Forearm pain from bench pressing is common... and it's misunderstood. The culprit is generally the brachoradialis, a muscle normally associated with hammer curls.

The reason it can get upset is because the fixed hand position on the bar forces your forearm through a pronation and supination cycle as the elbow bends and straightens.

That means you're effectively being forced to turn your hand over towards an end-range "palms down" position in the bottom of a bench press. Then, as you press up towards lockout, the forearm supinates into a more neutral position.

This happens without us really thinking about it. However, while the forearm pronates and supinates, the brachoradialis is loaded to stabilize the movement occurring between the two long bones of the forearm.

It's a little complicated, because the muscle changes functions through the movement, doing different things at different points. Small stabilizer muscles under big loads often leads to overload and pain. Yes, you can back off bench pressing for a while, or you can rub or needle the muscle. All that might make it feel better in some way, but none of it will resolve the problem.

Solving the issue requires you to condition the problem range of movement, making that range more easily available and stronger so it has the capacity to deal with the demands of benching. That means specifically conditioning loaded forearm pronation through a horizontal pressing cycle.
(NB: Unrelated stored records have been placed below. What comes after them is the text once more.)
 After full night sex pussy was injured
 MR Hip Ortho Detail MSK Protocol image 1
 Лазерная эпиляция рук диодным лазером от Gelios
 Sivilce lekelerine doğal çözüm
Sounds complex, but the hammer press is the simple answer:

Hold a hammer out at arm's length and pronate the forearm until the hammer is parallel to the ground. Start with a very short lever. That means holding close to the top of the handle, near the head of the hammer.

Holding the hammer parallel to the floor, try to mimic the bench press movement. You'll feel the forearm fire up and work, and you'll feel the problem muscle in the relevant way. Some discomfort, up to around 4-5 out of 10 on the pain scale, is acceptable and therapeutic throughout the movement.
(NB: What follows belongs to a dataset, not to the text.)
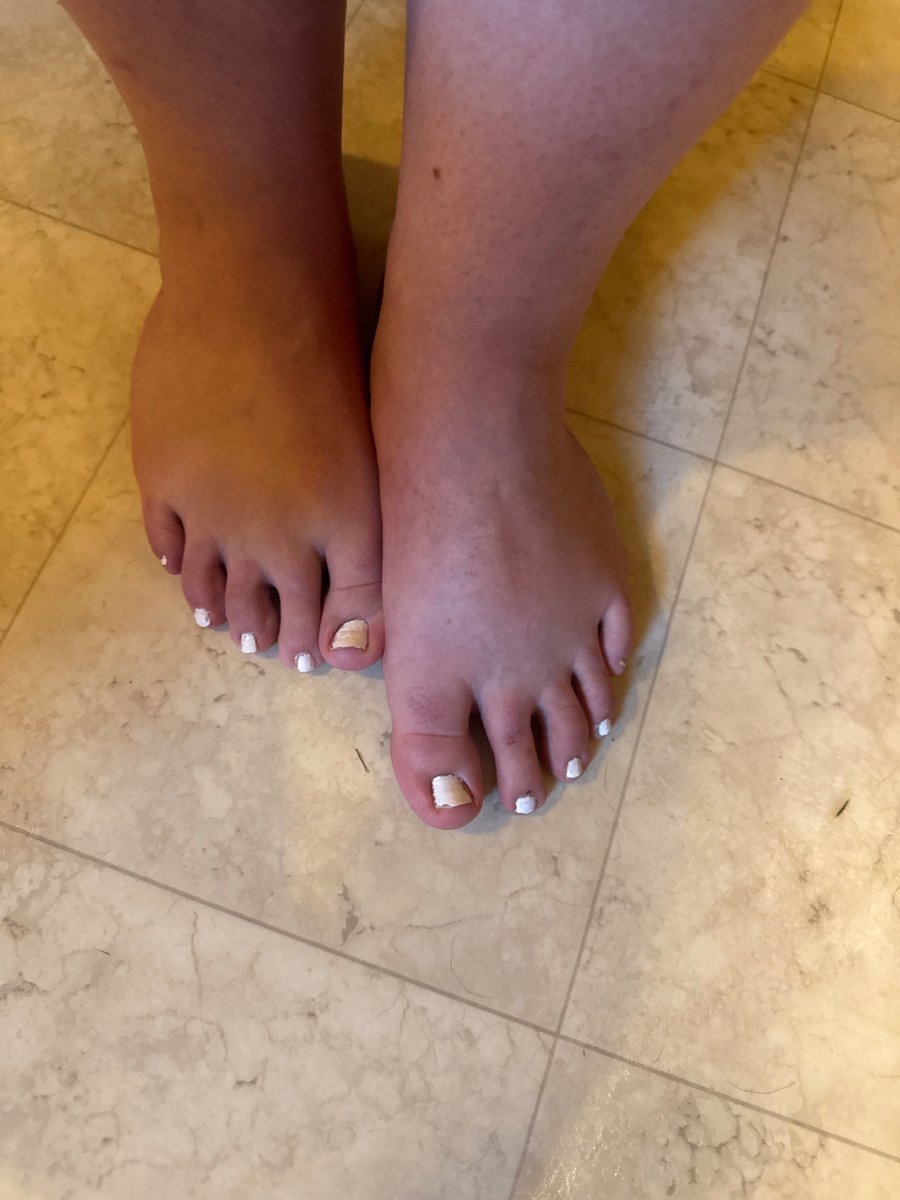 ToeTeaser245's tweet photo. @BSOD_BSOD Hey😊 https://t.co/wDo9r4dSRN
Do slow and controlled presses. If you need to make it more challenging, work your way down the hammer shaft to make the lever longer.

Because the movement goes through the same range of motion as your bench press, it's the only way to ensure you're conditioning the relevant parts of the relevant muscles/tendons so they can adapt and actually solve your problem.

Since this is a therapeutic exercise, it should be done daily and only to moderate discomfort. You're actually adding work to tissues that are failing to cope with their current workload, so go steady. It may take a week or two to adapt and improve.

It's worth the time investment though. You're really solving the problem, not just masking it.